═════ Data ═════

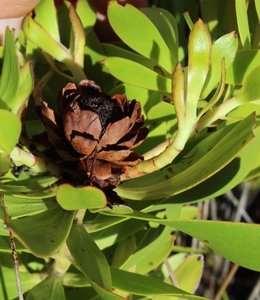 Oilbract Conebush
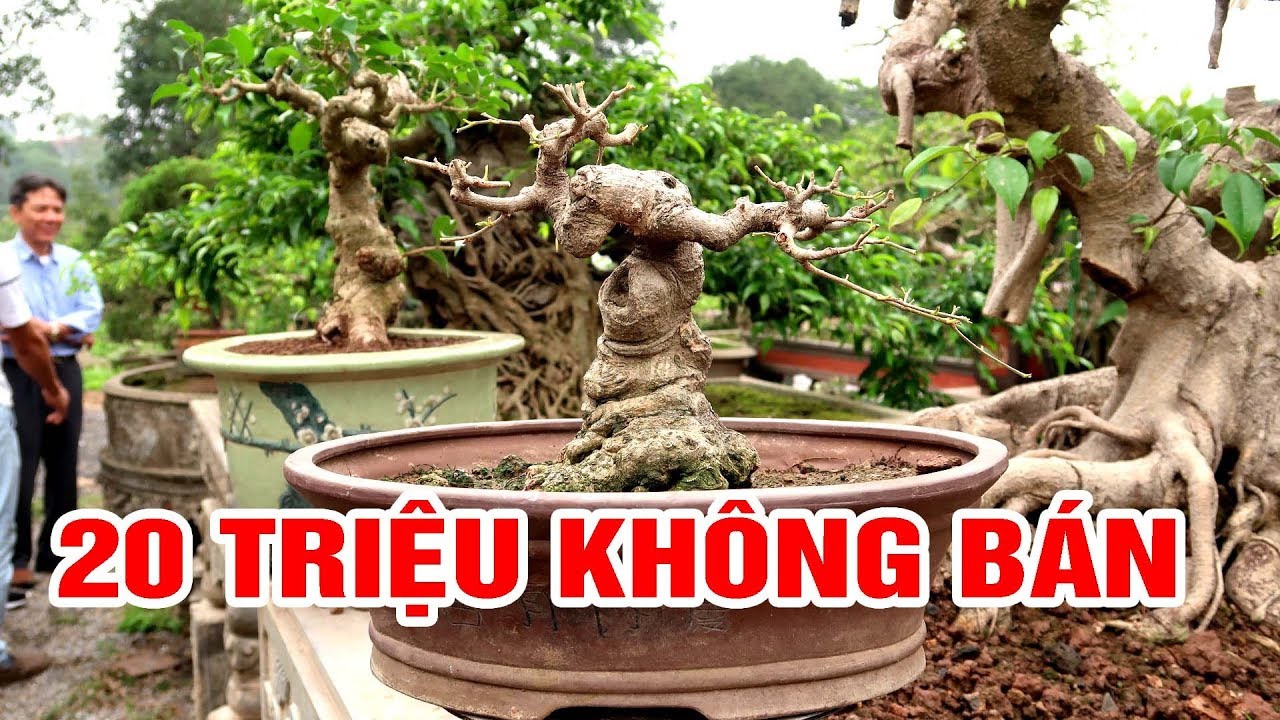 20 Triệu tác phẩm bé tí muốn mua lại mà không bán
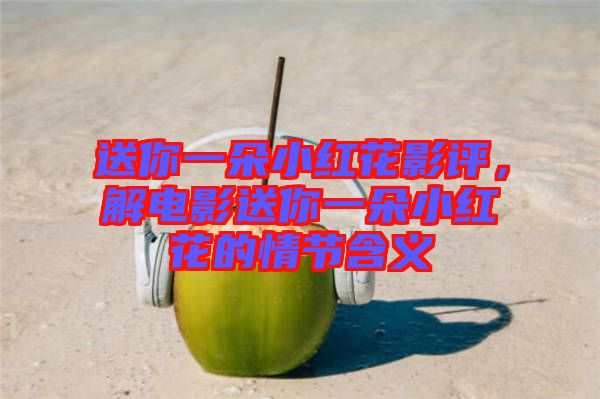 送你一朵小紅花影評(píng)，解電影送你一朵小紅花的情節(jié)含義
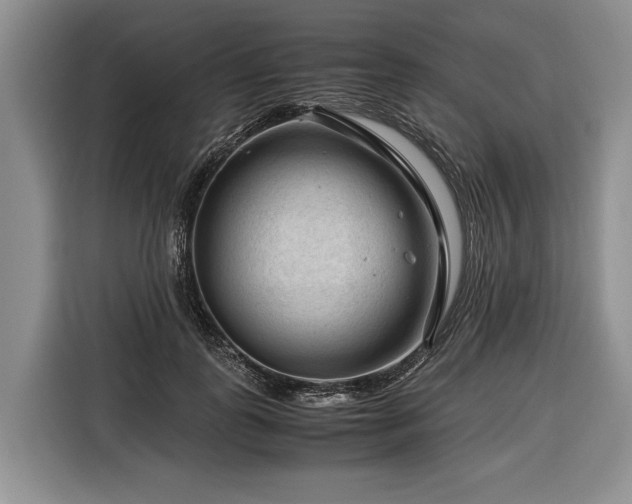 X0000116370747200912091237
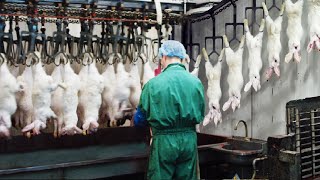 Modern Rabbit Farming and Harvest Technology 🐇- Rabbit meat processing in Factory - Rabbit Industry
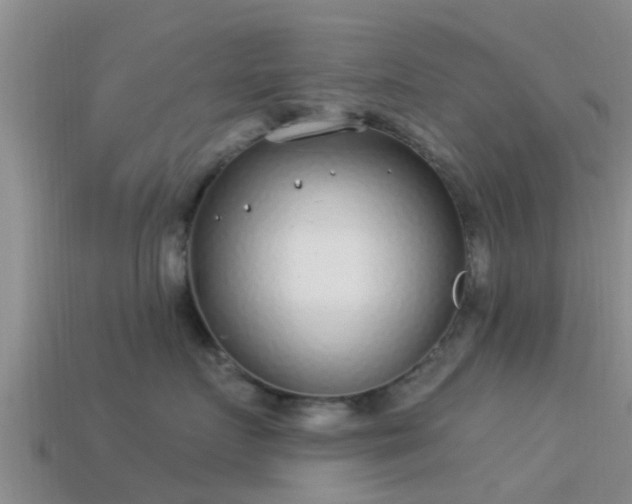 X0000114160719200910151606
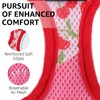 SCENEREAL Cat Harness & Leash Set Escape Proof - Adjustable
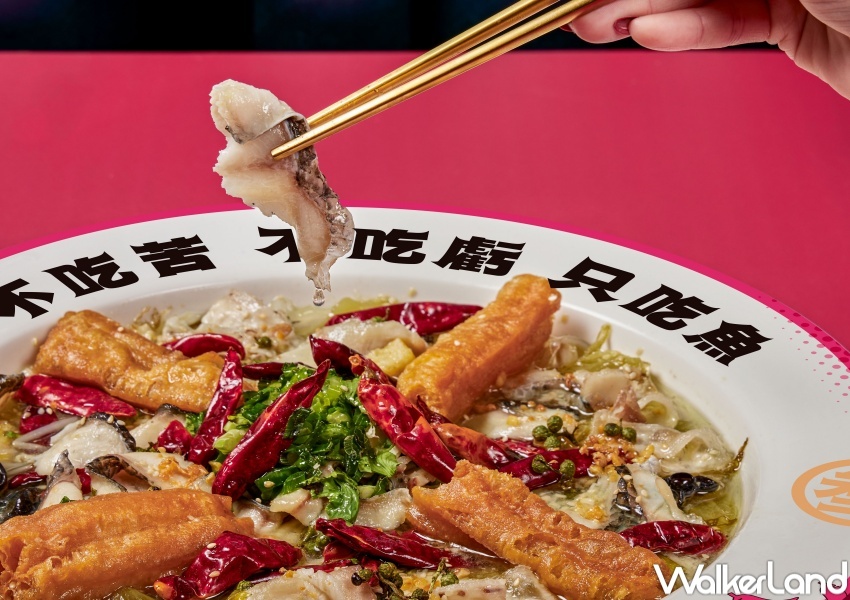 叁加叁 鴛鴦泡椒酸菜魚 台中麗寶店  / WalkerLand窩客島整理提供 未經許可，不得轉載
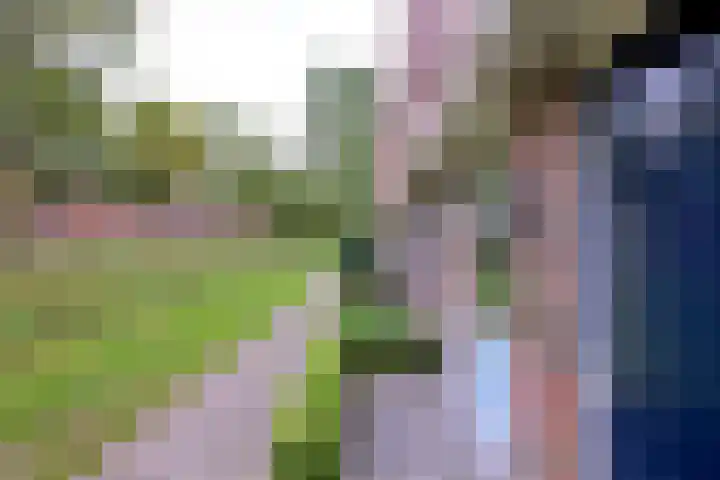 Veerispad 4 Deventer thumbnail 5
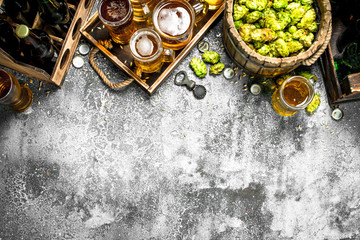 Beer background. Fresh beer with ingredients.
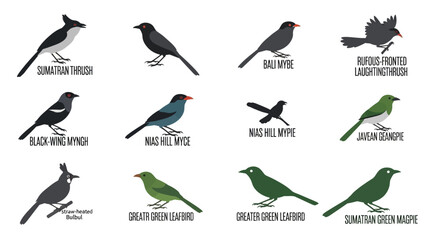Diverse Bird Species Illustration - A Collection of Avian Varieties.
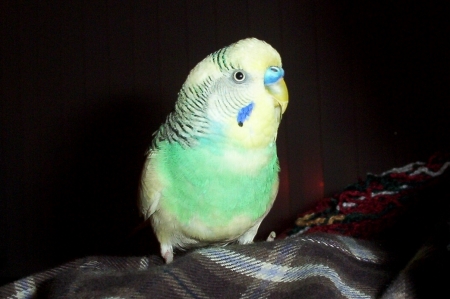 my birdie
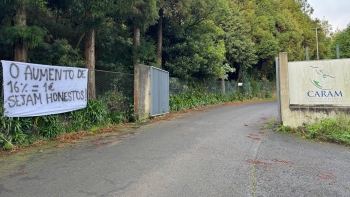 Imagem de Centro de Abate da Madeira não está a funcionar (áudio)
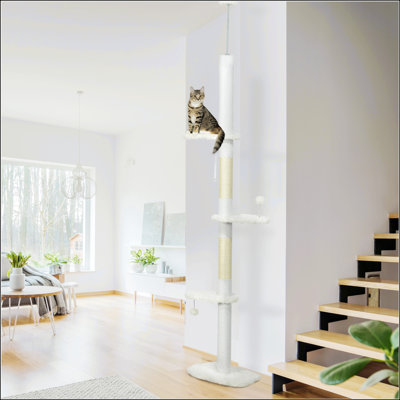 Arbre à chat du sol au plafond avec poteaux à griffer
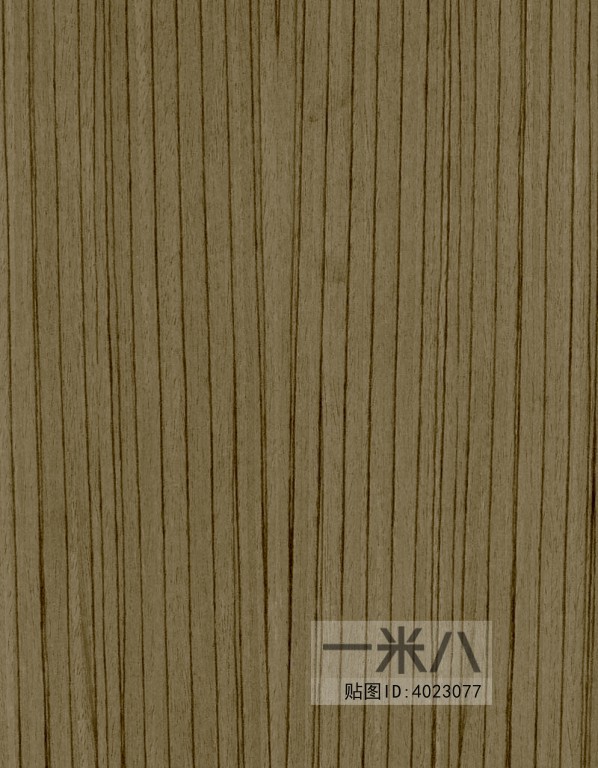 Wood Texture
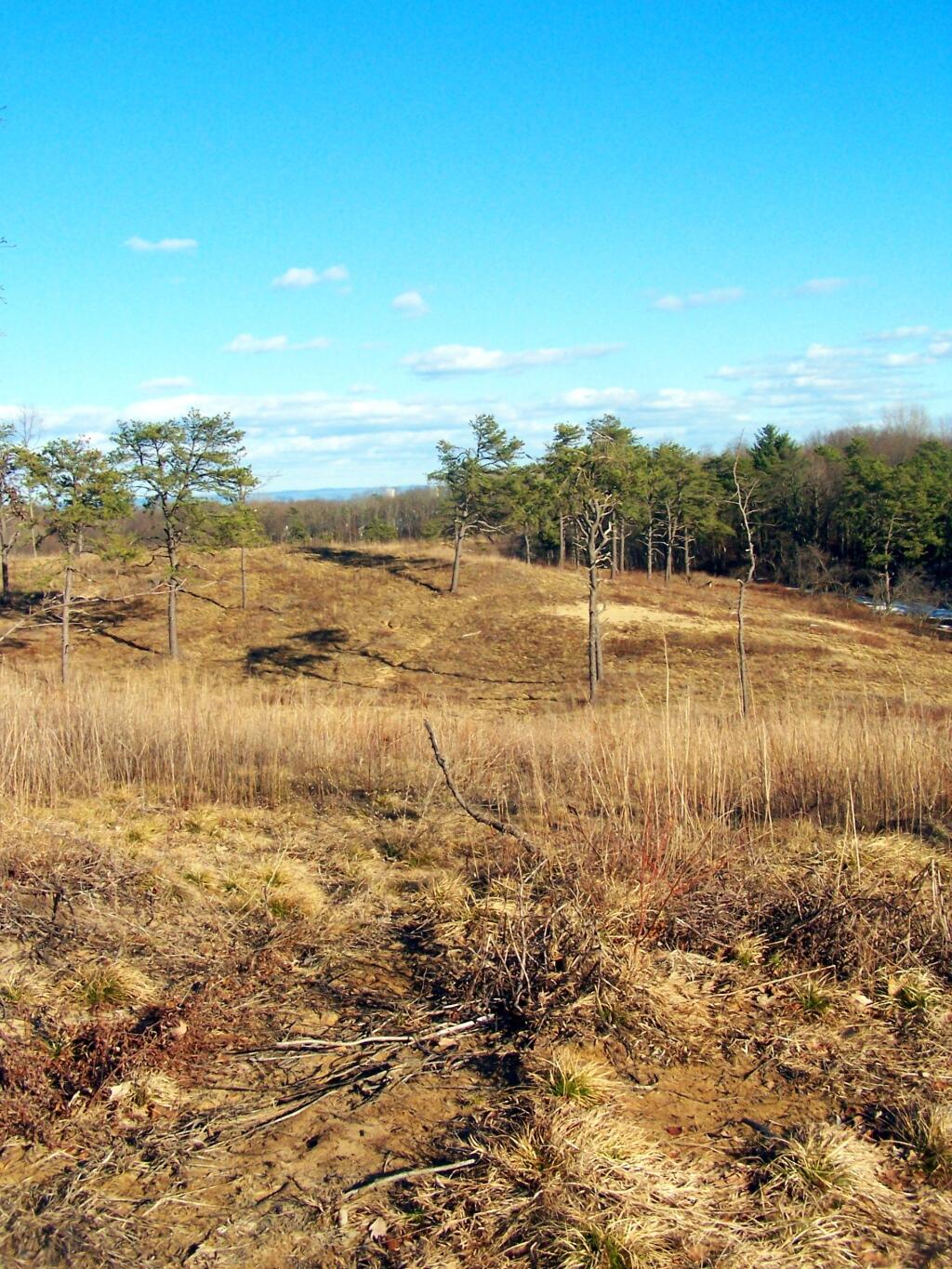 Photo: Due East Off Blueberry Hill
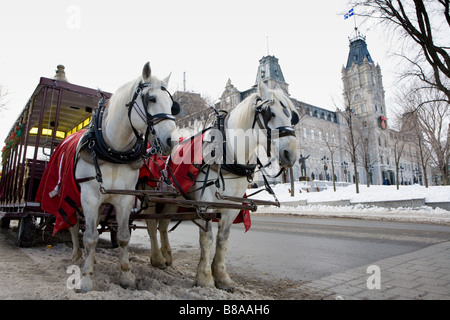 Pferde und Wagen erwarten Fahrer in der Nähe von Parlament Quebec City, Kanada Stockfoto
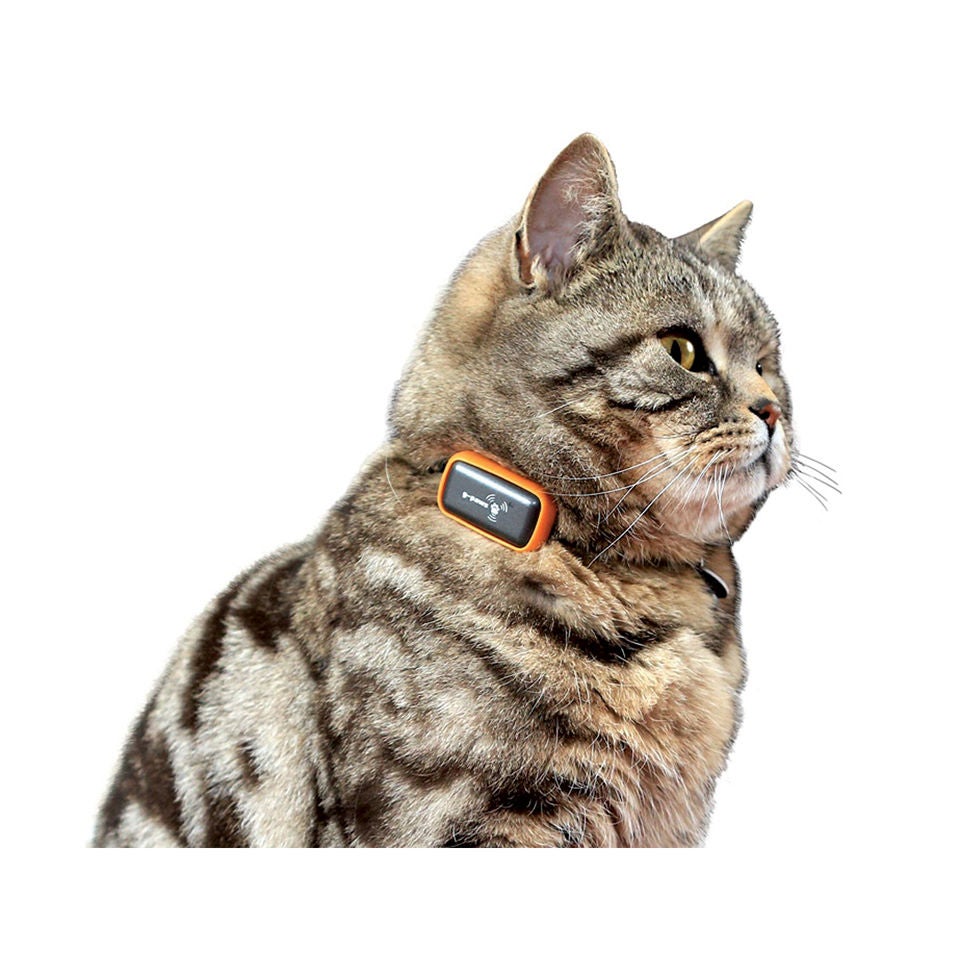 G Paws Pet GPS Tracker System Black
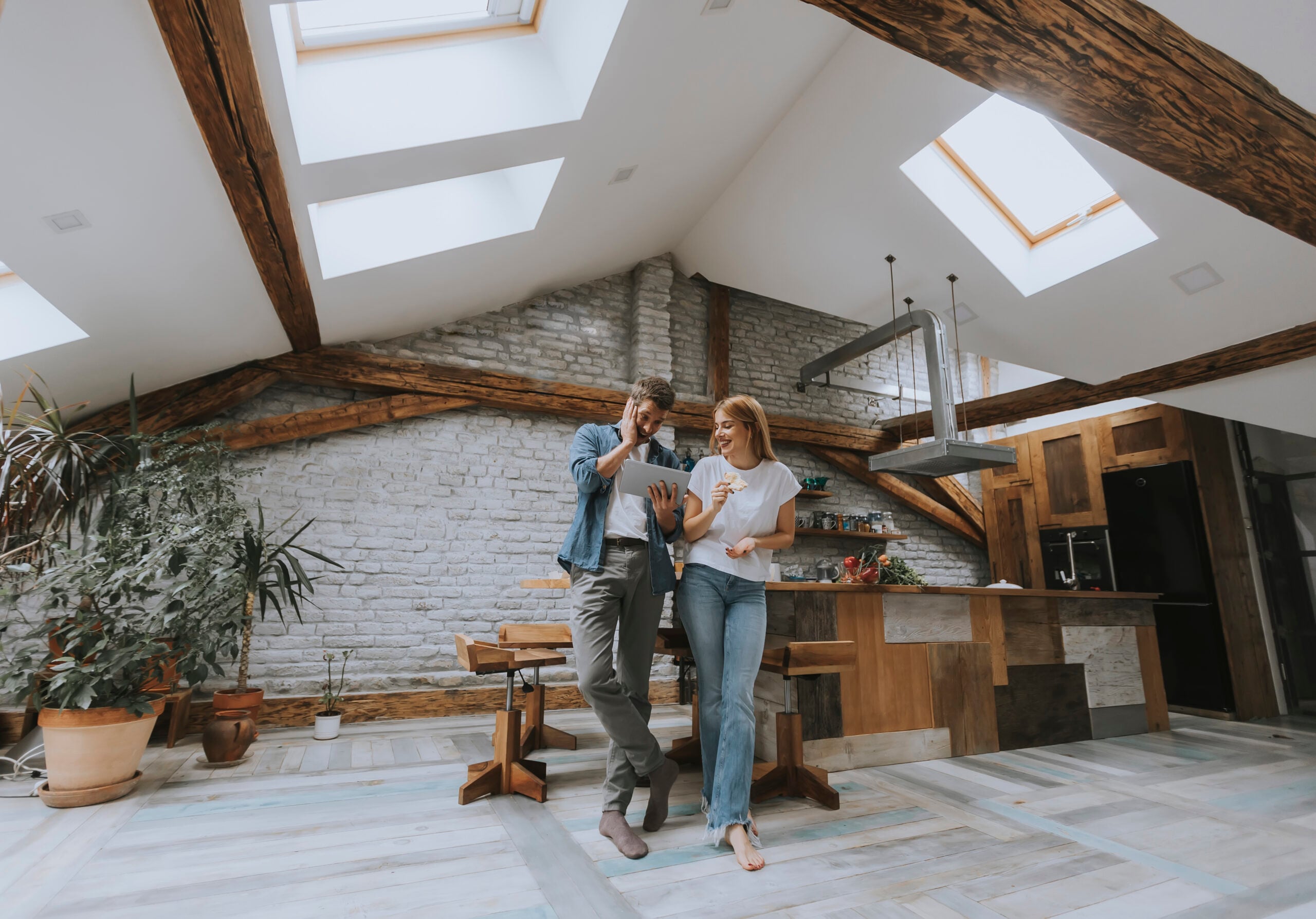 mono-pitched rooflights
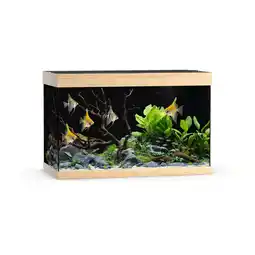 Pets Place Juwel Rio 290 Led - Aquarium - 101x51x66 cm Licht Hout aanbieding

═════

> _What to do_:
Repeat each entry above exactly. Omit the pictures.

> _Exercise answer_:
 Oilbract Conebush
 20 Triệu tác phẩm bé tí muốn mua lại mà không bán
 送你一朵小紅花影評(píng)，解電影送你一朵小紅花的情節(jié)含義
 X0000116370747200912091237
 Modern Rabbit Farming and Harvest Technology 🐇- Rabbit meat processing in Factory - Rabbit Industry
 X0000114160719200910151606
 SCENEREAL Cat Harness & Leash Set Escape Proof - Adjustable
 叁加叁 鴛鴦泡椒酸菜魚 台中麗寶店  / WalkerLand窩客島整理提供 未經許可，不得轉載
 Veerispad 4 Deventer thumbnail 5
 Beer background. Fresh beer with ingredients.
Diverse Bird Species Illustration - A Collection of Avian Varieties.
 my birdie
 Imagem de Centro de Abate da Madeira não está a funcionar (áudio)
 Arbre à chat du sol au plafond avec poteaux à griffer
 Wood Texture
 Photo: Due East Off Blueberry Hill
 Pferde und Wagen erwarten Fahrer in der Nähe von Parlament Quebec City, Kanada Stockfoto
 G Paws Pet GPS Tracker System Black
 mono-pitched rooflights
 Pets Place Juwel Rio 290 Led - Aquarium - 101x51x66 cm Licht Hout aanbieding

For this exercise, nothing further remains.